My 6-year-old broke my heart last night when I was preparing to read their nightly Bible story.
I have been in a lot of pain this past week from baby adjusting and moving down inside me preparing to make his grand entrance into the world.
Therefore, I have been distant and preoccupied with trying to get things done around my house so my husband and I are not scrambling and stressing later.
As I sat on the edge of my 3-year-old’s bed (they share a room and have bunk beds), I spoke to my boys about how I’ve been feeling and trying to help them mentally prepare for the new baby as well.
They each sat on either side of me.

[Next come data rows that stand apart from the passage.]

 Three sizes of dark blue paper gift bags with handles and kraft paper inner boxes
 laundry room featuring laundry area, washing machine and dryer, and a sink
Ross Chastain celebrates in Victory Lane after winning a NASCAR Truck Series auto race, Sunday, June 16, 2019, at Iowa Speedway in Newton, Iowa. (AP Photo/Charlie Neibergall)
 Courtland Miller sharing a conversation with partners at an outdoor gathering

My youngest (for a little longer) just sat and listened.
My oldest and I talked about how things would be complicated at first and we would all have to make new adjustments.

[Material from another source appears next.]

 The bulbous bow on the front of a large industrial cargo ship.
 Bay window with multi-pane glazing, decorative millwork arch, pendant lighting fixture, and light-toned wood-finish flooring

He voiced his concern about about changing from a family of four to a family of five, “I want there to be four of us still”.
Me too, but only because I am 36 weeks along in this pregnancy and want this little guy to make it full term before joining us on the outside.
But, I settled for telling my 6-year-old that when the baby is ready to come, there is really no stopping him now.
And then he said these words…
“But then you’ll spend more time with him than us”.
That stopped me in my tracks.
I tried to rack my brain and come up with a spectacular answer for him… but came up empty-handed.
I took a deep breath and replied, “Yes, but no”.
I tried to explain to my first born that me spending time with the new baby was important when it came to feeding and caring for him.
I reassured him that I love him and I will still love him when the new baby comes.
Fighting back tears, I read my boys their Bible story, said their prayers with them, tucked them in, and quickly retreated back to the living room.
I recounted the conversation that just transpired to my husband, who pulled me to his lap and just let me sit and process the conversation.
He reassured me that it’ll work out and we all will have some adjusting to do.
Nothing else has been said from either of the boys, but it still bothers me that this is a real possibility.
I have made a mental note to keep myself in check when the new baby does arrive and make it a point to spend some extra quality time with each of my older boys.
I have challenged myself to stay accountable and give each of my boys the time and attention they need from me.